The research paper, which does include some mathematics, suggests that simple passwords should be allowed providing they are not subject to statistical guessing attacks and proposes attack detection methods.

Good reading and inspiration for password-based authentication systems. I'm off to the station now, to get a train to Newcastle which was cancelled last night.

Two great papers on web site password security were published this month. We are swamped with passwords and every daily activity is increasingly linked with an online version, which requires users to register to obtain some additional benefits. Every organisation, resource, activity and event encourages us to visit their own website and sign-up.

Firstly, in Where Do [Password] Security Policies Come From?, Dinei Florêncio and Cormac Herley of Microsoft Research discuss the password policies of 75 different web sites, in an effort to determine password strength requirements with other aspects such as size of site, assets protected, number of users and frequency of attacks.

The authors' findings suggest that none of these are the key factors, and in fact some of the largest sites, most attacked and with higher-value assets have the weakest password policies. The authors suggest stronger policies exist where organisations are more insulated from the consequences of poor usability, whereas online retailers and sites that rely on advertising revenues have to compete rigorously for users and traffic. The paper also discusses how strong passwords need to be, and how this is affected also by what attack methods you are considering (e.g. online vs. offline brute-force), and whether other security controls are implemented (e.g. account lock-out).

This idea of considering the whole password environment is taken further in The Password Thicket: Technical and Market Failures in Human Authentication on the Web by Joseph Bonneau and Sören Preibusch at the Cambridge University Computing Laboratory, and presented at this year's Economics of Information Security (WEIS 2010). Their study included 150 web sites looking at password implementations. the study looked more broadly at the protective measures used— not just complexity requirements—but whether these were applied consistently across the site's functionality (e.g. registration/enrolment, log-in/authentication, password change, password reset/recovery, log-out), encryption during transmission, storage of passwords in clear text, inclusion of passwords in emails, as well as protection from brute-force attacks.

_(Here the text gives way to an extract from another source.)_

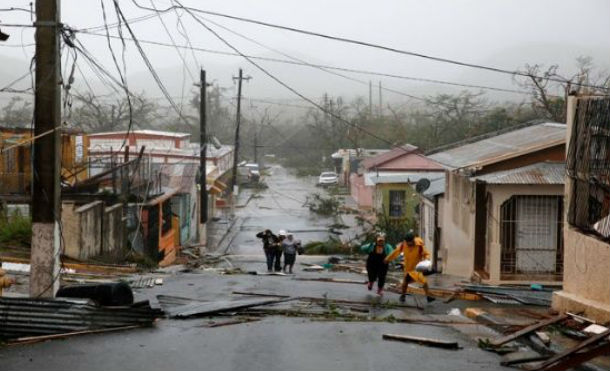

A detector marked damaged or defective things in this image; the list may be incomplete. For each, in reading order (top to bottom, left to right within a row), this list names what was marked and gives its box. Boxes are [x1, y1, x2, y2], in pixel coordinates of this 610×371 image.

rusted tin roof [428, 123, 564, 170]
rusted tin roof [470, 163, 564, 186]
broken wood board [169, 296, 296, 320]
broken wood board [486, 316, 568, 348]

The authors found that stricter security in one area was often undermined by weaknesses in another, suggesting that a lack of standards is harming security. The paper also discusses economic interpretations, such as how deploying passwords might be being used to justify collection of marketing data, and how password insecurity can be a negative externality.

Sometimes when I'm out socially and people ask what I do, the conversation progresses to concerns about their own web site. They may have a hobby site, run a micro-business or be a manager or director of a small and medium-sized enterprise (SME)—there's all sorts of great entrepreneurial activity going on.

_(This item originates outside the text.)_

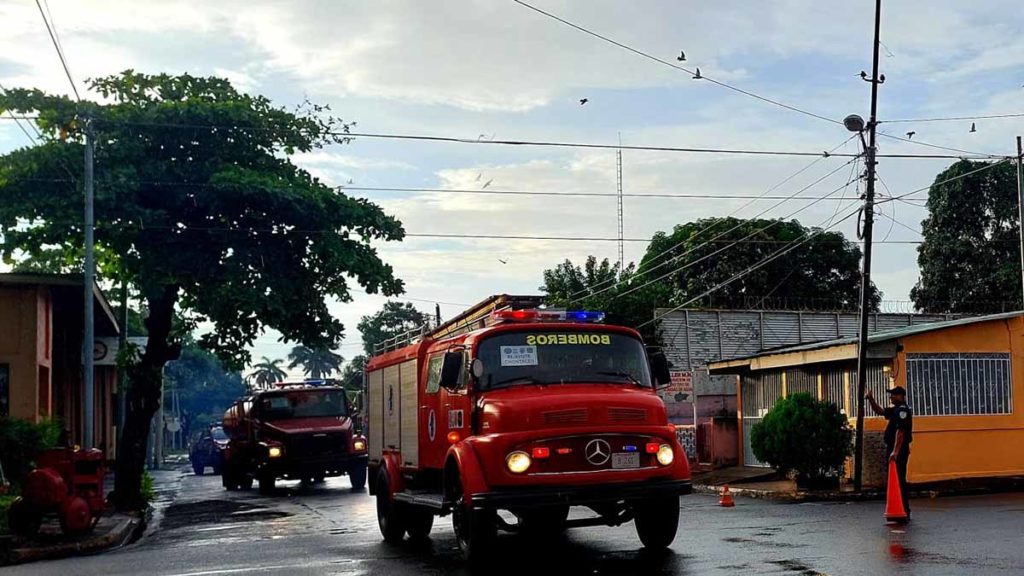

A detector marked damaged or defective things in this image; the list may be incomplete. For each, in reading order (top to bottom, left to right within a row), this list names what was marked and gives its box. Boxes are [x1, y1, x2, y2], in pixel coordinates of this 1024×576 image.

It is very common for SMEs not to have much time or budget for information security, and the available information can be poor or inappropriate (ISSA-UK, under the guidance of their Director of Research David Lacey, is trying to improve this). But what can SMEs do about their web presence—and it is very unusual not to have a web site, whatever the size of business.

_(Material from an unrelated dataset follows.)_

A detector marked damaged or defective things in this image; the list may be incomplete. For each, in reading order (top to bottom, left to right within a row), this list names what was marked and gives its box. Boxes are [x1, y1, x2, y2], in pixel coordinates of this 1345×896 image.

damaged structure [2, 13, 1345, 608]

Last week I was asked "Is using <company> okay for taking online payments?" and then "what else should I be doing?". Remember we are discussing protection of the SME's own web site, not protecting its employees from using other sites. If I had no information about the business or any existing web security issues, this is what I recommend checking and doing before anything else:

• Obtain regular backup copies of all data that changes (e.g. databases, logs, uploaded files) and store these securely somewhere other than the host servers. This may typically be daily, but the frequency should be selected based on how often data changes and how much data the SME might be prepared to lose in the event of total server failure.
  • check backup data can read and restored periodically
  • don't forget to securely delete data from old backups when they are no longer required
• Use a network firewall in front of the web site to limit public (unauthenticated user) access to those ports necessary to access the web site. If other services are required remotely, use the firewall to limit from where (e.g. IP addresses) these can be used.
  • keep a record of the firewall configuration up-to-date
  • limit who can make changes to the firewall
• Ensure the host servers are fully patched (e.g. operating system, services, applications and supporting code), check all providers for software updates regularly and allow time for installing these.
  • remove or disable all unnecessary services and other software
  • delete old, unused and backup files from the host servers
• Identify all accounts (log in credentials) that provide server access (not just normal web page access), such as used for transferring files, accessing administrative interfaces (e.g. CMS admin, database and server management/configuration control panels) and using remote desktop. Change the passwords. Keep a record of who has access and remove accounts that are no longer required and enable logging for all access using these accounts.
  • restrict what each account can do as much as possible
  • add restrictions to the use of these accounts (e.g. limit access by IP address, require written approval for use, keep account disabled by default)
• Check that every agreement with third parties that are required to operate the web site are in the organisation's own name. These may include the registration of domain names, SSL certificates, hosting contracts, monitoring services, data feeds, affiliate marketing agreements and service providers such as for address look-up, credit checks and making online payments.
  • ensure the third parties have the organisation's official contact details, and not those of an employee or of the site's developers
  • make note of any renewal dates
• Obtain a copy of everything required for the web site including scripts, static files, configuration settings, source code, account details and encryption keys. Keep this updated with changes as they are made.
  • verify who legally owns the source code, designs, database, photographs, etc.
  • check what other licences affect the web site (e.g. use of open source and proprietary software libraries, database use limitations).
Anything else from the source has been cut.